What is required:
Nothing but the lines from the one containing "VOLCOM Women's SPECIES" to the end of the records that follow should be transcribed, each exactly, with the pictures left out.
--- START ---
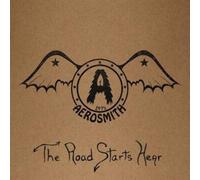 Aerosmith 1971: The Road Starts Here (Black Friday (Cassette) (Importación USA)
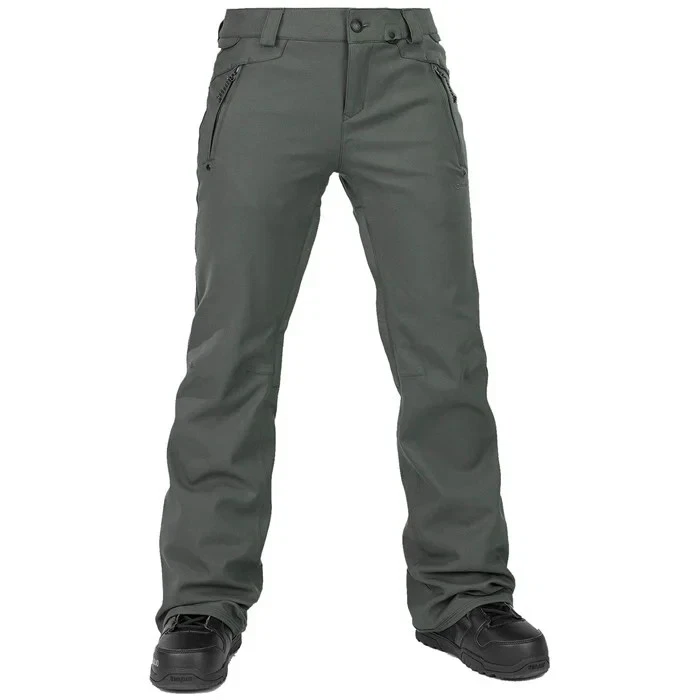 VOLCOM Women's SPECIES STRETCH Snow Pants - H1352407 - EUC - Size XSmall - NWT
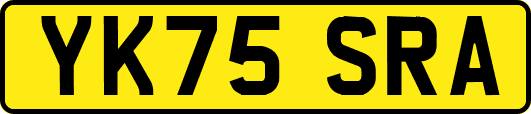 YK75SRA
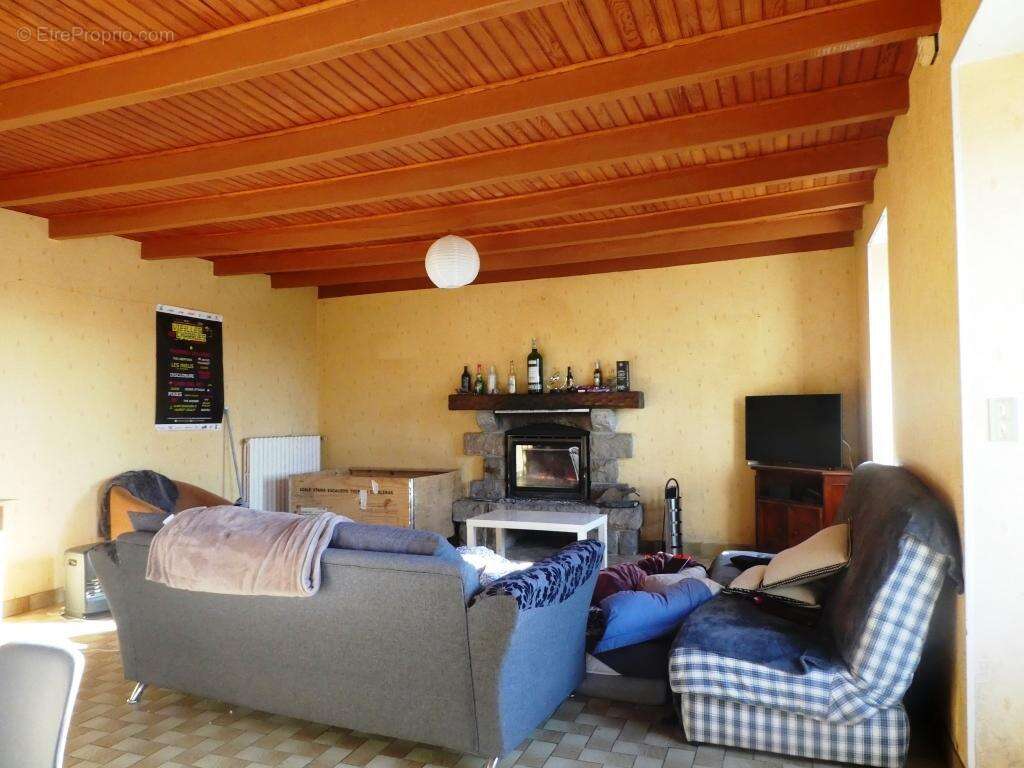Maison à PLOERDUT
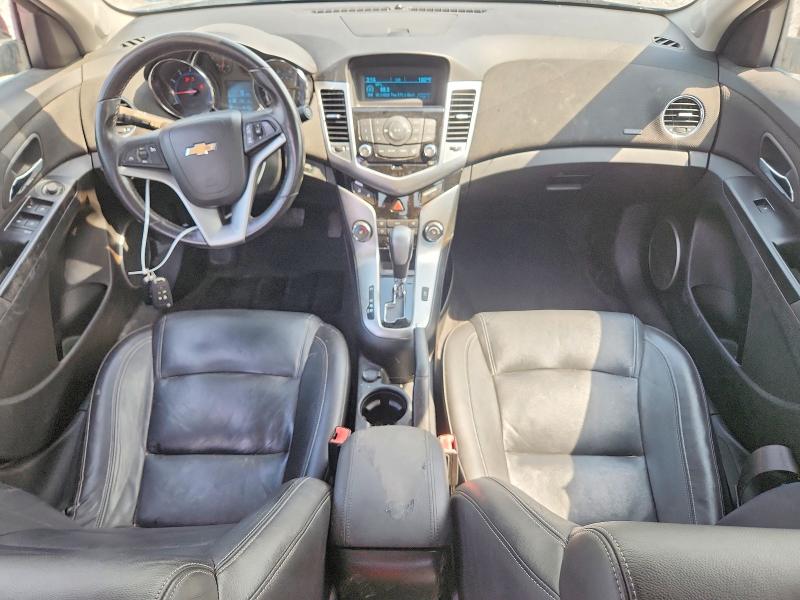 Photo 8 from auction – 2012 CHEVROLET CRUZE with VIN 1G1PH5SC5C7169754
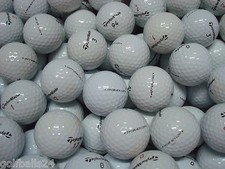 50 Taylor-Made Tp-Red, Tp-Black Boules de Golf Apporté Cat. Pearl-Aaa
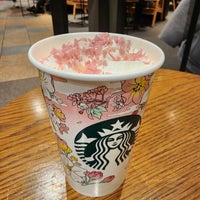 Photo taken at Starbucks by ぜろ on 2/18/2024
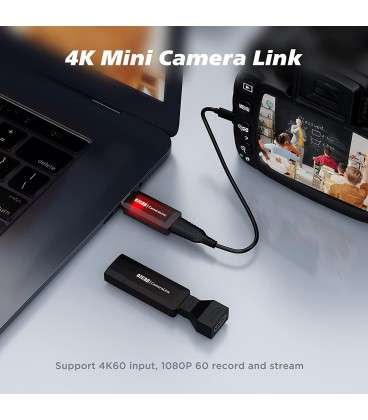 Пристрій відеозахоплення Ezcap313 Camera Link Mini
--- END ---
Written response:
 VOLCOM Women's SPECIES STRETCH Snow Pants - H1352407 - EUC - Size XSmall - NWT
 YK75SRA
Maison à PLOERDUT
 Photo 8 from auction – 2012 CHEVROLET CRUZE with VIN 1G1PH5SC5C7169754
 50 Taylor-Made Tp-Red, Tp-Black Boules de Golf Apporté Cat. Pearl-Aaa
 Photo taken at Starbucks by ぜろ on 2/18/2024
 Пристрій відеозахоплення Ezcap313 Camera Link Mini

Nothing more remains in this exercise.